70 SupplementaryN.I.

(1)In sections 68 and 69 references to a person serving a sentence of imprisonment include a person aged 18 or over who is—

(a)detained pursuant to directions of the Secretary of State under Article 45 of the Criminal Justice (Children) (Northern Ireland) Order 1998 (S.I. 1998/1504 (N.I. 9)), or

(b)detained in a young offenders centre as the result of an order of the Crown Court.

(2)In sections 68 and 69 references to a person serving a sentence of imprisonment in Northern Ireland—

(a)include a person who, in consequence of a restricted transfer from Northern Ireland, is serving part of a sentence of imprisonment in another part of the United Kingdom, but

(b)do not include a person who, in consequence of a restricted transfer from another part of the United Kingdom, is serving part of a sentence of imprisonment in Northern Ireland.

(3)Restricted transfer” has the same meaning as in Part 2 of Schedule 1 to the Crime (Sentences) Act 1997 (c. 43).

Valid from 12/04/2010

Community safetyN.I.

71 Community safety strategyN.I.

(1)The Secretary of State must devise a strategy for enhancing community safety in Northern Ireland.

(2)References in this section and section 72 to enhancing community safety in any place are to making the place one in which it is, and is perceived to be, safer to live and work, in particular by the reduction of actual and perceived levels of crime and other anti-social behaviour.

(3)The Secretary of State may from time to time devise a new strategy or make alterations to a strategy.

(4)Before devising or making alterations to a strategy the Secretary of State must consult—

(a)the First Minister and deputy First Minister,

(b)the Chief Constable of the Police Service of Northern Ireland, and

(c)the Northern Ireland Policing Board.

(5)The Secretary of State must publish each strategy devised by him and any alterations which he makes to a strategy (or the strategy as altered).

Prospective

F3172 Local community safety partnershipsN.I.

. . . . . . . . . . . . . . . . . . . . . . . . . . . . . . . .

Civil procedureN.I.

Prospective

73 Constitution of Rules CommitteesN.I.

(1)In section 54(1) of the Judicature (Northern Ireland) Act 1978 (c. 23) (membership of [F32Court of Judicature] Rules Committee), for paragraphs (b) to (f) substitute—

(b)three judges of the Supreme Court nominated by the Lord Chief Justice;

(c)one Master of the Supreme Court nominated by the Society of Masters;

(d)two barristers nominated by the General Council of the Bar of Northern Ireland and one barrister nominated by the [F33Department of Justice];

(e)two solicitors nominated by the Law Society of Northern Ireland and one solicitor nominated by the [F33Department of Justice]; F34...

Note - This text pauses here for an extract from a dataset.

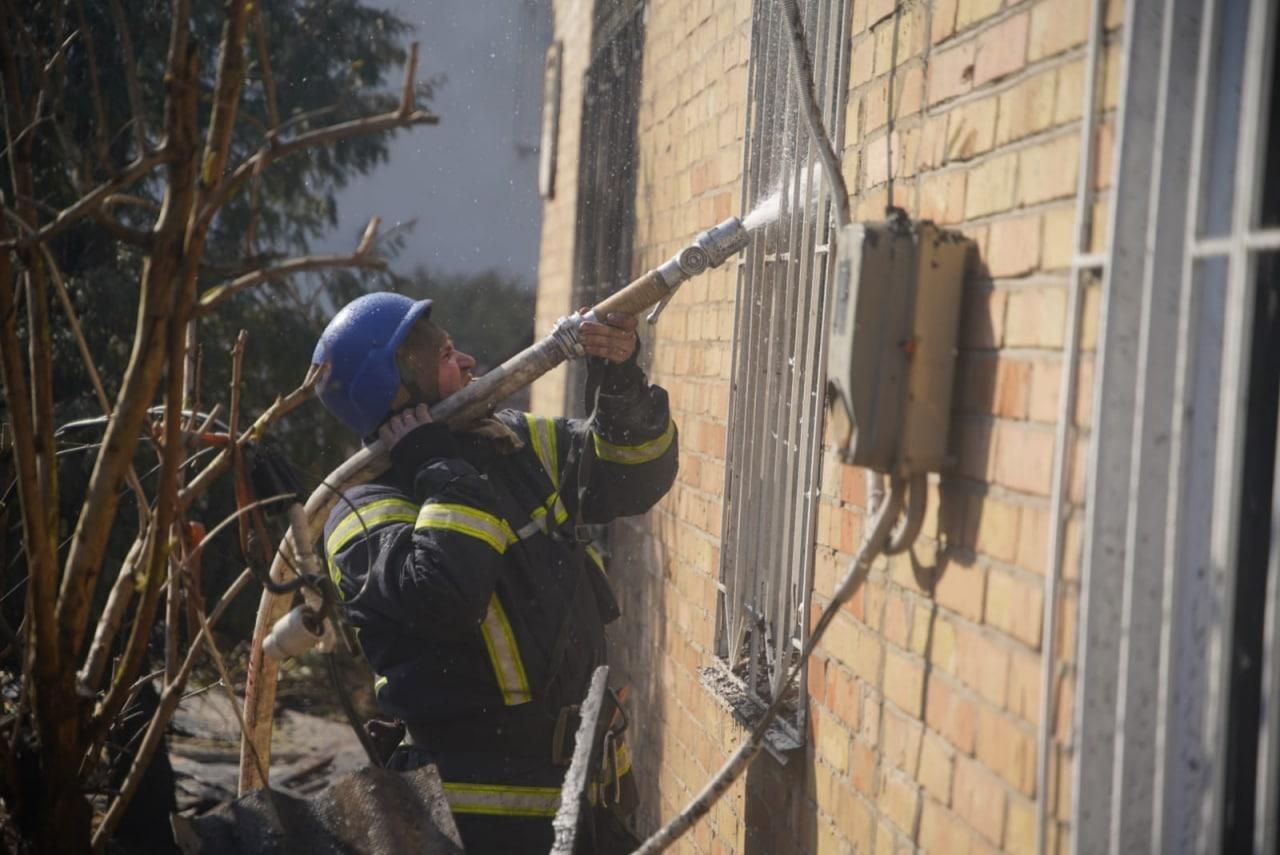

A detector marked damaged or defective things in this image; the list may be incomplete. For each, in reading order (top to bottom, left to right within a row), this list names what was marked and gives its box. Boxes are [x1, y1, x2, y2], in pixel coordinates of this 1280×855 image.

broken window [711, 0, 849, 747]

(f)two persons nominated by the [F33Department of Justice] who do not hold (and have never held) judicial office and are not (and have never been) barristers or solicitors.

[F35(g)the Attorney General for Northern Ireland or a barrister or solicitor nominated by the Attorney General for Northern Ireland.]

(2)In Article 46(1) of the County Courts (Northern Ireland) Order 1980 (S.I. 1980/ 397 (N.I. 3)) (membership of County Court Rules Committee), for the words from “be appointed” to the end substitute consist of—

(a)a county court judge nominated by the Lord Chancellor who shall be chairman;

(b)two county court judges nominated by Her Majesty’s Council of County Court Judges;

(c)one district judge nominated by the Association of District Judges;

(d)two barristers nominated by the General Council of the Bar of Northern Ireland and one barrister nominated by the [F36Department of Justice];

(e)two solicitors nominated by the Law Society of Northern Ireland and one solicitor nominated by the [F36Department of Justice];

(f)one [F37civil servant in the Department of Justice] nominated by [F38that Department]; and

(g)two persons nominated by the [F36Department of Justice] who do not hold (and have never held) judicial office and are not (and have never been) barristers or solicitors.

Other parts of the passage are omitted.